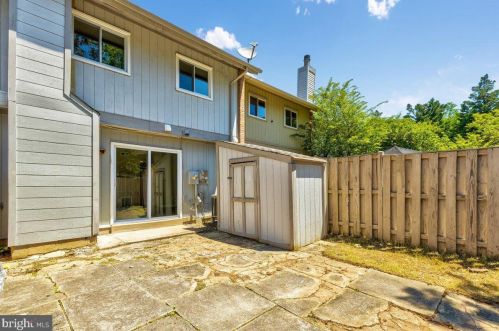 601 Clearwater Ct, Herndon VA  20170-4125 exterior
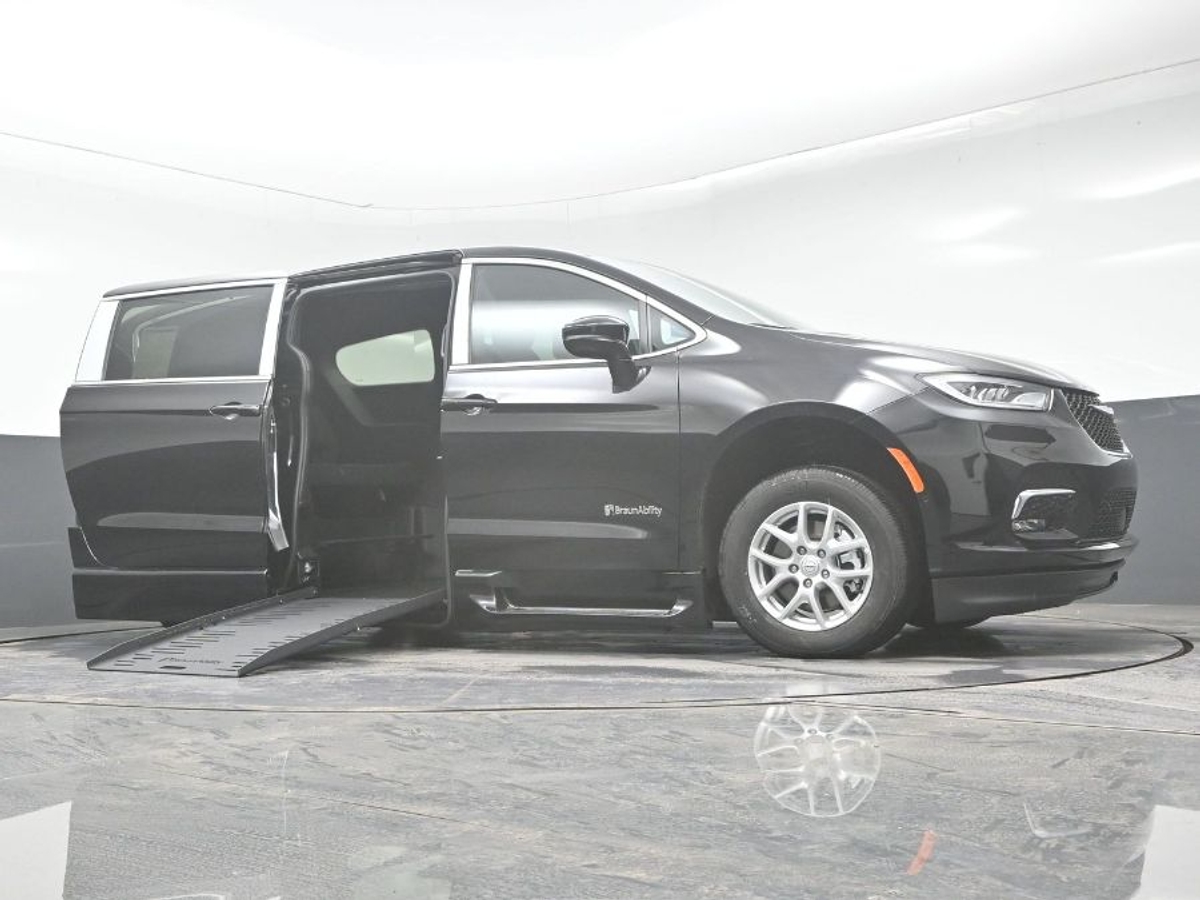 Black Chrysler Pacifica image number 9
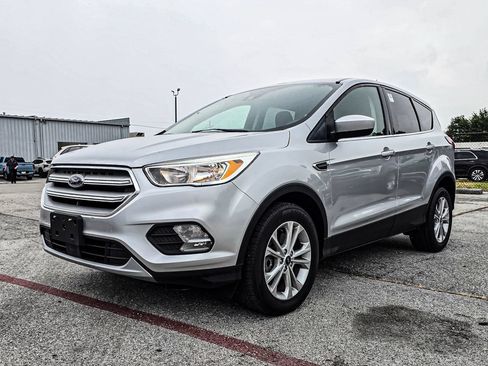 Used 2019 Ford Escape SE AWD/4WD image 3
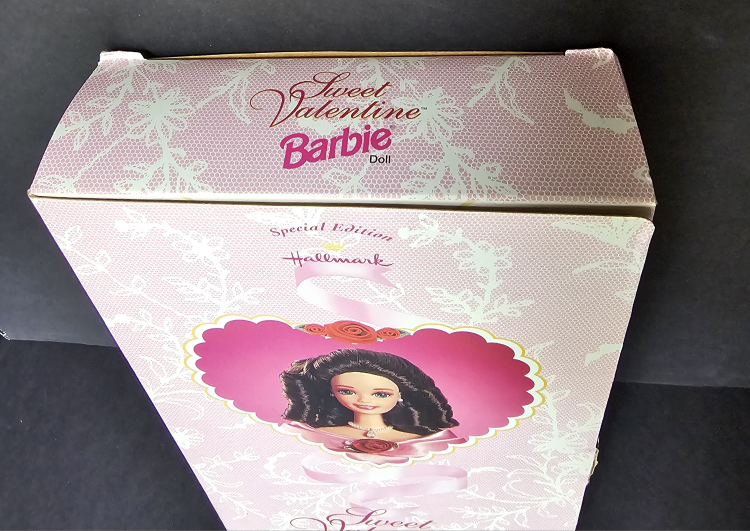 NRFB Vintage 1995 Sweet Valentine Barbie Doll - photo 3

Task requirements:
Could you return the whole listing exactly, images excluded?

Exercise output:
 601 Clearwater Ct, Herndon VA  20170-4125 exterior
 Black Chrysler Pacifica image number 9
 Used 2019 Ford Escape SE AWD/4WD image 3
 NRFB Vintage 1995 Sweet Valentine Barbie Doll - photo 3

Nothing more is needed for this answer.